Dans quelques cas, on pourrait sans doute se demander si la confiance qu’il place dans les résultats des expériences et enquêtes de psychologie sociale n’est pas trop forte au regard des critiques dont cette discipline fait l’objet depuis quelque temps, et également questionner son utilisation de telle ou telle interprétation de psychologie évolutionniste, dont l’effet de démonstration fait parfois oublier qu’il s’agit d’hypothèses très difficilement falsifiables.

 

Des raisons de notre crédulité

Plusieurs de ces chroniques illustrent l’importance de différents biais (de représentativité, de disponibilité, rétrospectif, de perception des probabilités composées…), désormais bien identifiés par la recherche, susceptibles d’affecter notre jugement, et suggèrent quelques manières de s’en prémunir.

Notre crédulité peut aussi s’expliquer par le besoin que nous éprouvons de nous rassurer face à des situations caractérisées par une forte incertitude ou vécues comme telles.

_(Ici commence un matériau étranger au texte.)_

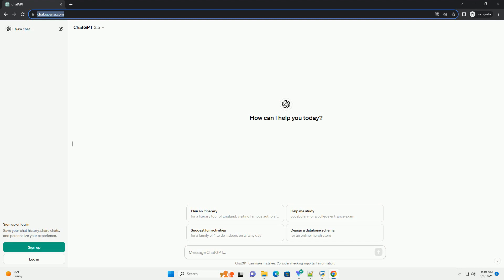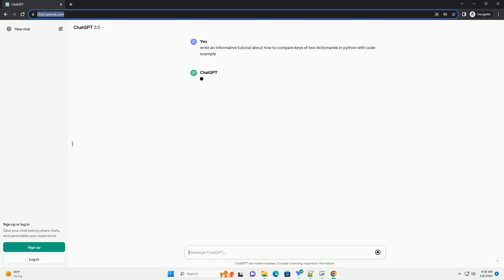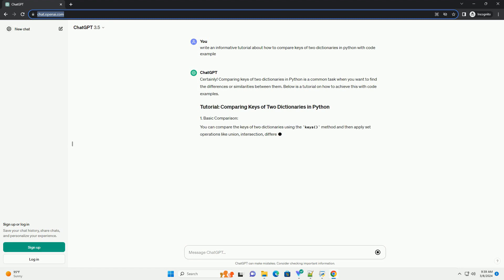Certainly. Comparing keys of two dictionaries in Python is a common task when you want to find the differences or similarities between them.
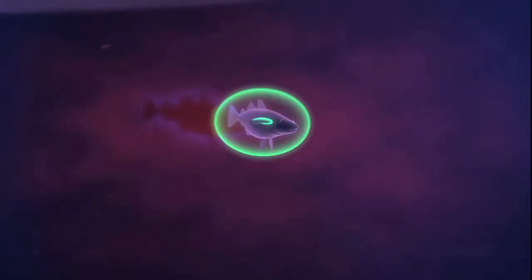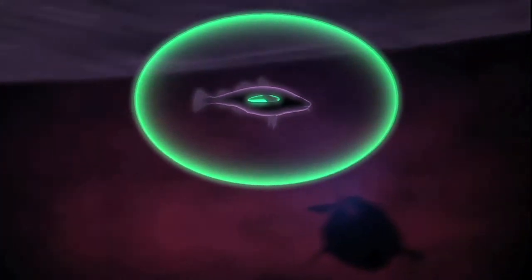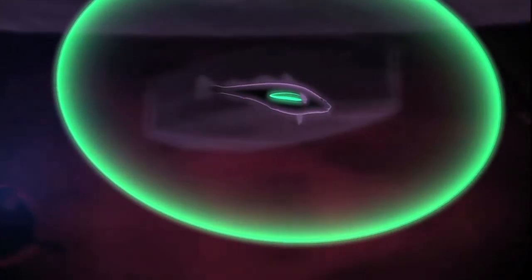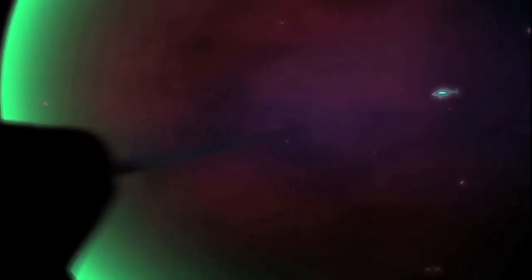This is called echolocation. Echolocation works like human sonar, but toothed whales have been perfecting it for millions of years.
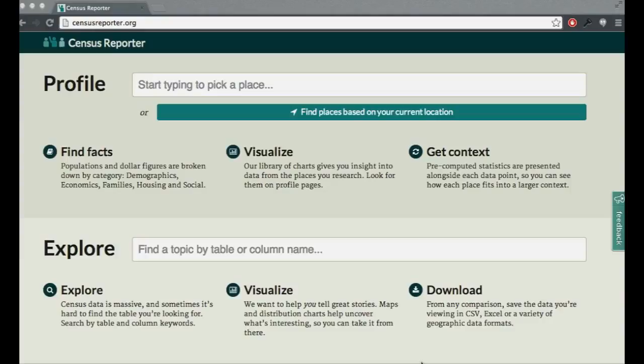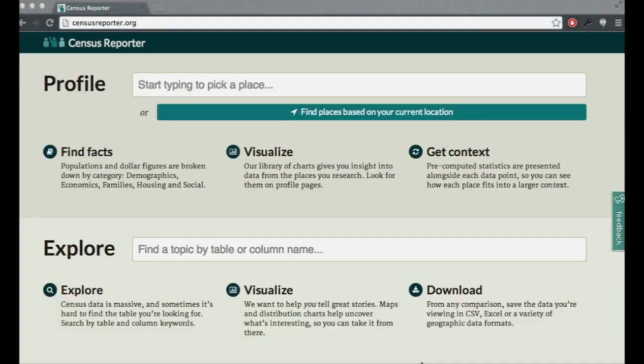So when the opportunity came to ask the Knight Foundation for a news challenge grant to make census data easier for journalists, we decided to put in a proposal, and we were happy that they granted us the money. So when the grant was delivered, we looked at what we could do and sort of imagined Census Reporter, and that's what we see today.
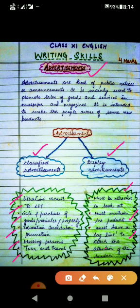Situation vacant advertisements can be seen in newspapers or daily magazines. These types of advertisements always begin with 'Wanted' or 'Required.' The name of the organization must always be present, along with number of vacancies and post clearly stated, age and gender, qualification, requisite experience, pay scale, perks, mode of applying such as email or postal, and contact address and phone number.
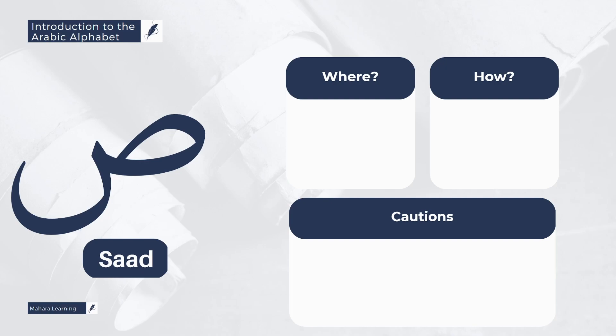From the common mistakes in pronouncing the letter Saad is the use of the lips in order to make this Saad sound. Some people will round the lips or move their lips to pronounce the letter Saad, and that is incorrect.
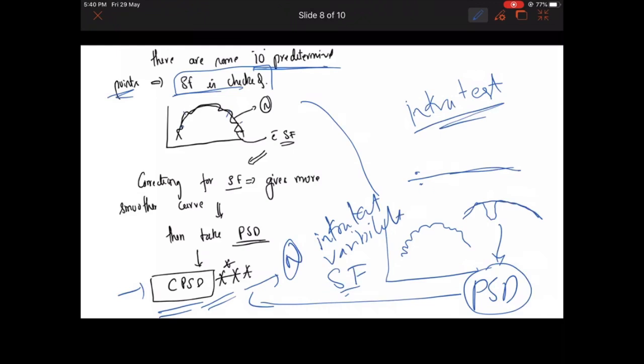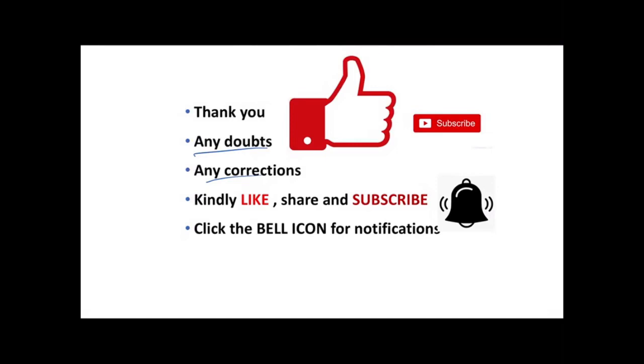These parameters together will tell you whether a defect is due to a large or localized scotoma in glaucoma, or due to generalized depression. Generalized depression can also be present in glaucoma, so you need to check other parameters as well — for example, whether the patient has refractive error, cataract, or miosis. Thank you — if you have any doubts or corrections, please let me know in the comment box. Kindly like, share, subscribe, and click the bell icon for notifications of further videos.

Plusieurs chroniques traitent des théories du complot, dont l’auteur a fait l’un de ses sujets de prédilection. Ces théories rejettent le hasard et choisissent d’ignorer les conditions d’occurrence des phénomènes comme les effets des variations de l’attention qu’on leur porte, pour leur substituer des explications délirantes et qui prospèrent aujourd’hui grâce à Internet et aux minorités qui les répandent.

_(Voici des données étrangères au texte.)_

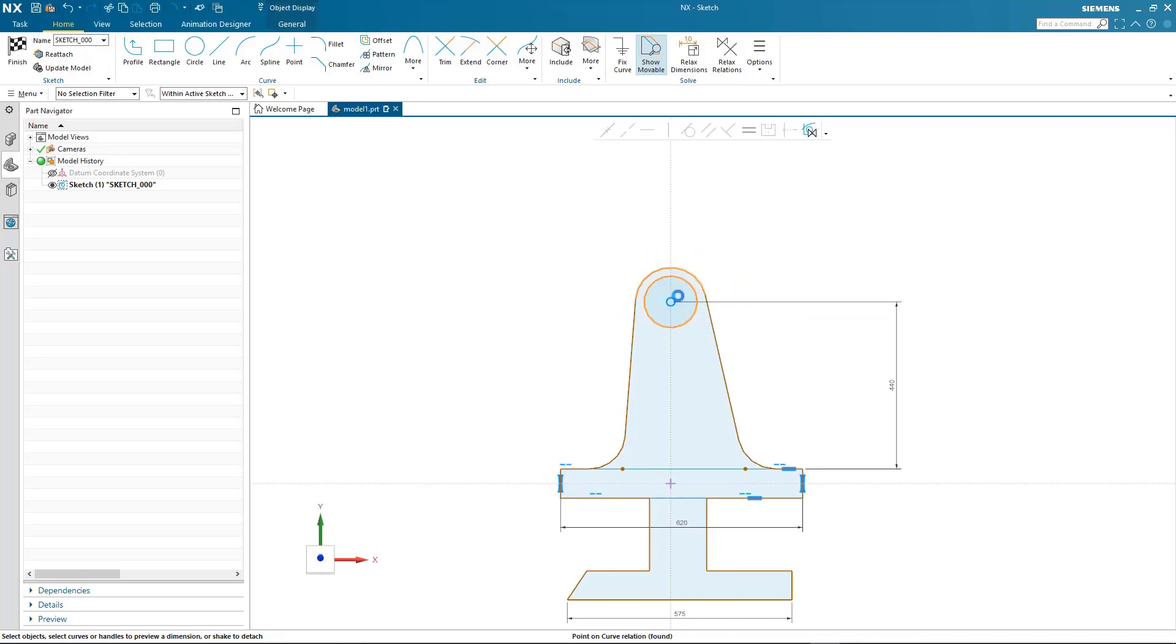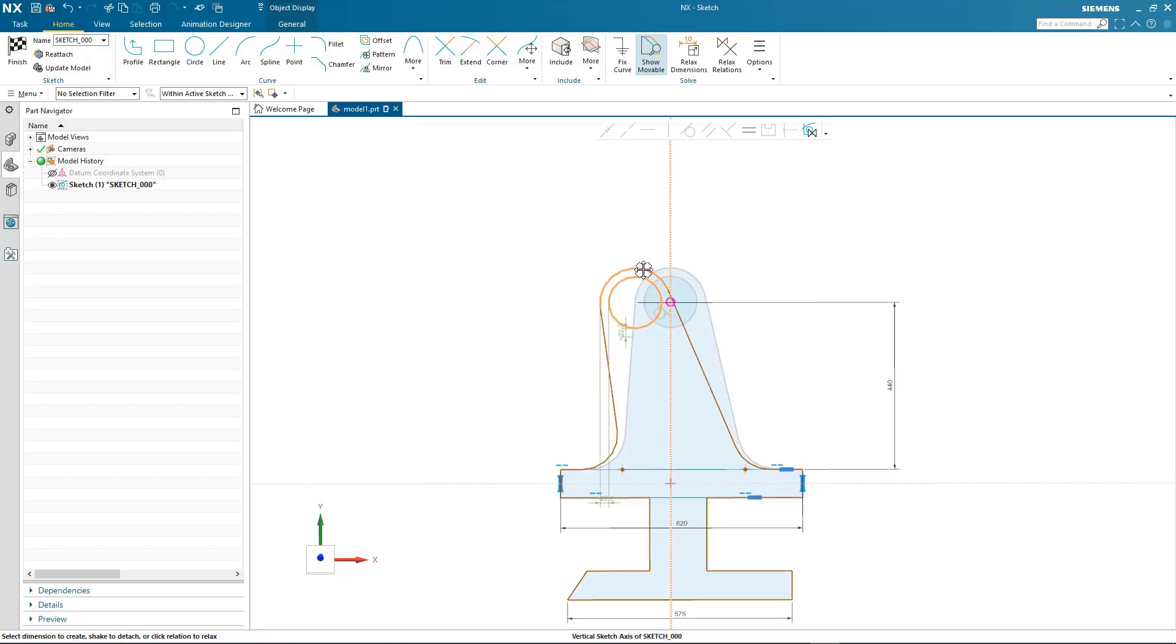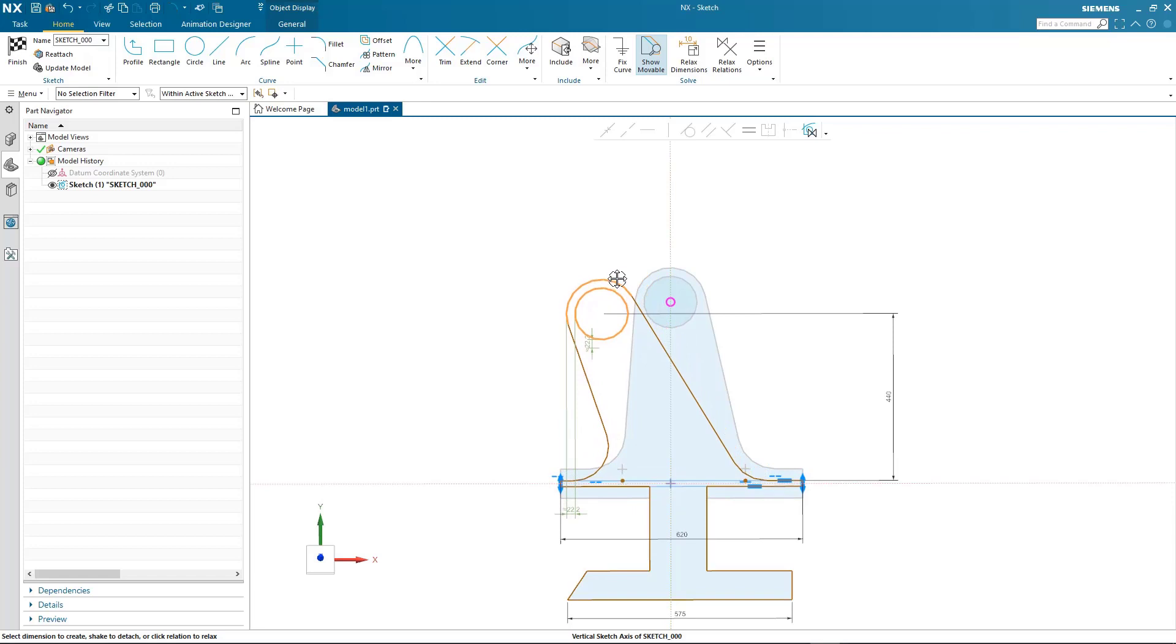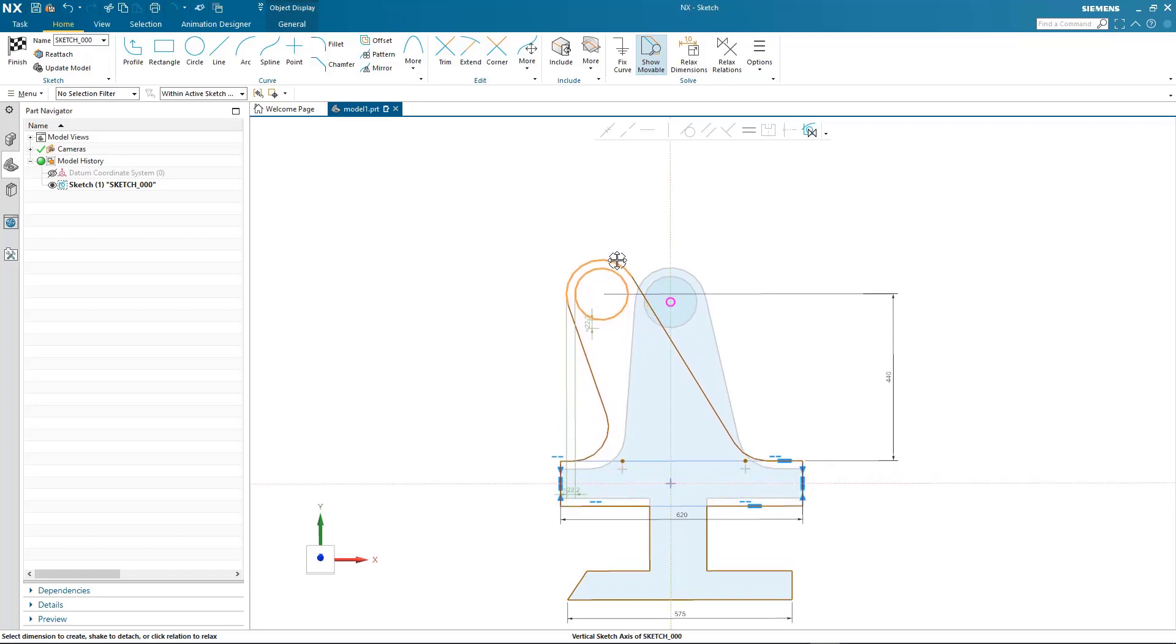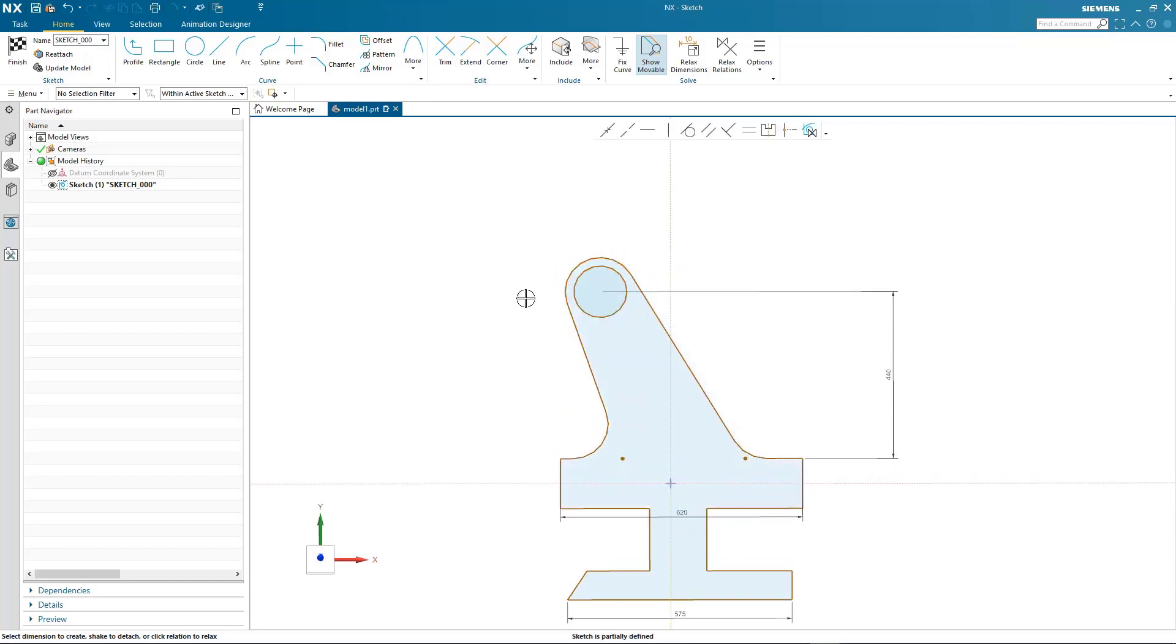If I want to remove that, I can relax it and again drag that diameter off of the axis. Notice all the other geometry updating.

Autre biais fréquent, nous croyons ce que nous voulons croire et notre sensibilité au buzz est en partie déterminée par nos attentes morales et descriptives. Dans certains cas, la délicatesse peut nous dissuader de vérifier une information, comme lorsqu’il s’agit de la souffrance que peuvent encourir des enfants. On trouvera ici un cas au moins où le raisonnement de l’auteur peut lui-même être pris en défaut : lorsqu’il oublie dans le décompte des orphelins causés par les morts des Twin Towers les enfants qui n’avaient déjà plus qu’un seul parent !

 

Enjeux sociaux de notre époque

La communication politique fait l’objet d’une attention particulière de la part de G. Bronner qui lui consacre plusieurs chroniques : sur la langue de bois, l’exposition médiatique, les promesses électorales, la bataille de l’attention, la tendance à soutenir des contrevérités, etc. Des « ventriloques qui font parler le peuple comme une marionnette » sont également pointés du doigt ou mis devant leurs responsabilités.

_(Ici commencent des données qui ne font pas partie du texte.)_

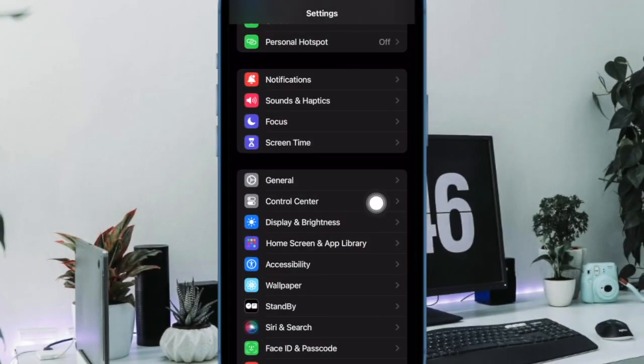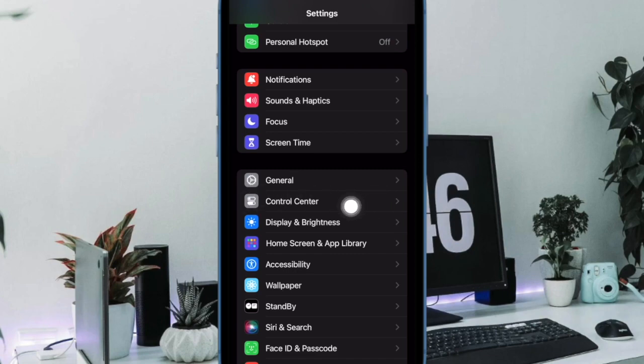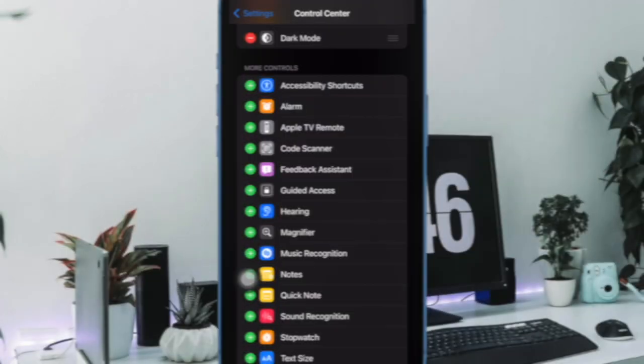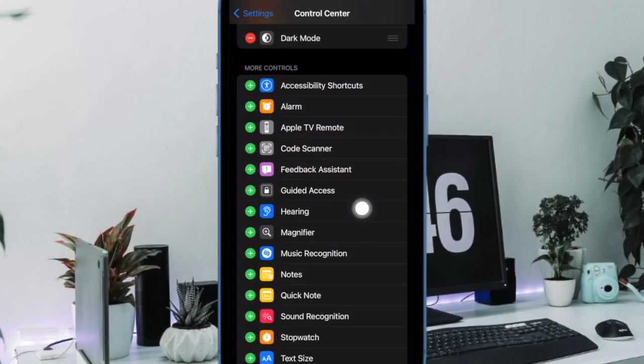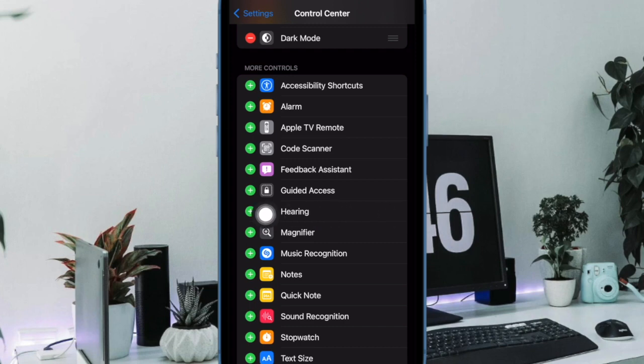Then tap on Control Center. Now scroll down and tap on the green plus button next to hearing to add it to the Control Center.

La radicalisation, à laquelle l’auteur s’intéresse depuis longtemps, fait l’objet d’une autre série de chroniques, où il explique par exemple pourquoi les batteries de questions censées permettre de déceler qu’une personne se radicalise ont peu de chance d’être efficaces faute de moyens pour traiter tous les « faux positifs » que ces tests feront immanquablement émerger au regard du petit nombre de vrais radicalisés.

Il dénonce les mauvaises manières de certains intellectuels, trop enclins, pour faire parler d’eux, à jeter l’opprobre sur des collègues. Mais n’est-ce pas ce à quoi l’auteur s’est livré lui-même dans son précédent livre (co-écrit avec Etienne Géhin) au ton tout particulièrement polémique ? Gérald Bronner a peut-être raison lorsqu’il note que les intellectuels de gauche souffrent d’une indignation sélective, mais il en élude le motif principal, soit l’idée que nous vivons dans une société polarisée. Une idée à laquelle il n’adhère pas en ce qui le concerne.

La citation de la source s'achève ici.